President Barack Obama’s recent statement of his Afghanistan policy has again revealed the intractable situation the United States has faced since it led the invasion of that country in 2001. In his State of the Union address to Congress on January 28, Mr. Obama said the mission there would be completed by the end of the year, and that thereafter the U.S. and its allies would support a “unified Afghanistan” as it took responsibility for itself.
With the agreement of the Afghan government, a “small force” could remain to train and assist Afghan forces and carry out counterterrorism operations against any al-Qaeda remnants. Washington has withdrawn 60,000 of its troops from Afghanistan since Mr. Obama took office in 2009, but 36,500 remain, with 19,000 from other countries in the NATO-ISAF coalition. Western plans are for a residual force of 8,000 to 12,000, two-thirds of them American, but sections of the U.S. military have suggested a U.S. strength of 10,000, with 5,000 from the rest of the coalition. Mr. Obama is discussing the options with senior officers.

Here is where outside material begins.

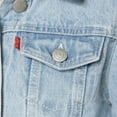 thumbnail image 5 of Levi's Girls Denim Trucker Jacket, Sizes 4-16, 5 of 10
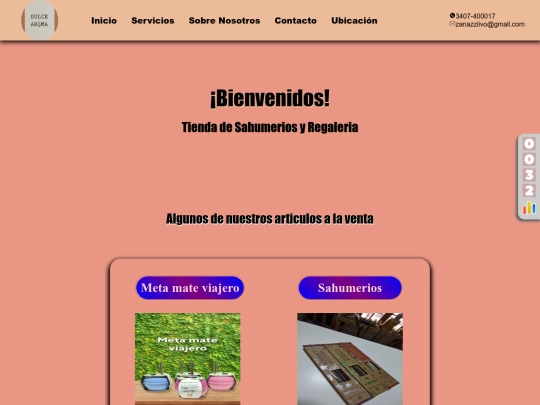 divpage/pagina screenshot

The President wants to avoid a repeat of Iraq, which with the exception of Kurdistan has become a battleground between Sunni and Shia leaders, claiming over 7,000 lives in 2013 alone. But over Afghanistan he is caught in a cleft stick. Afghan President Hamid Karzai is yet to sign the deal for NATO-ISAF troops to stay; he would prefer his successor to sign the agreement after he leaves office in April 2014, but the successor will not take office until September. Secondly, Mr. Karzai has infuriated Washington by planning to release 37 Taliban detainees, by blaming American forces for terrorist attacks on civilians, and by calling the U.S. a “colonial power.” Yet the Afghan National Security Forces, which include the police, number 334,000, or about 20,000 below the numbers envisaged for them, and the U.S. Department of Defense has reported to Congress that the ANSF cannot operate on their own. The U.S. public have little wish to continue the war, but the military may have its own agenda. The September 2013 quarterly report by the Special Inspector General for Afghan Reconstruction shows that of nearly $100 billion in reconstruction aid, $97 billion went towards counter-narcotics, security, and other operations; only $3 billion was used for humanitarian aid. If the President feels hemmed in, it is because of the toxic legacy of his predecessor George W. Bush who went into the country in search of Osama bin Laden and al-Qaeda. At the end of 12 years of American occupation, Afghanistan has not emerged as a more secure place; nor has the U.S. had much of a success in nation-building.